## Your objective
Go through the records below line by line, counting those that contain the word "CARCINOMA"; answer with the count only.

## Short text fragments from websites
Start of Block
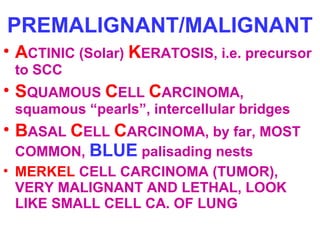 PREMALIGNANT/MALIGNANT
• ACTINIC (Solar) KERATOSIS, i.e. precursor
to SCC

• SQUAMOUS CELL CARCINOMA,

squamous “pearls”, intercellular bridges

• BASAL CELL CARCINOMA, by far, MOST
COMMON, BLUE palisading nests
• MERKEL CELL CARCINOMA (TUMOR),
VERY MALIGNANT AND LETHAL, LOOK
LIKE SMALL CELL CA. OF LUNG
End of Block
## Answer area
3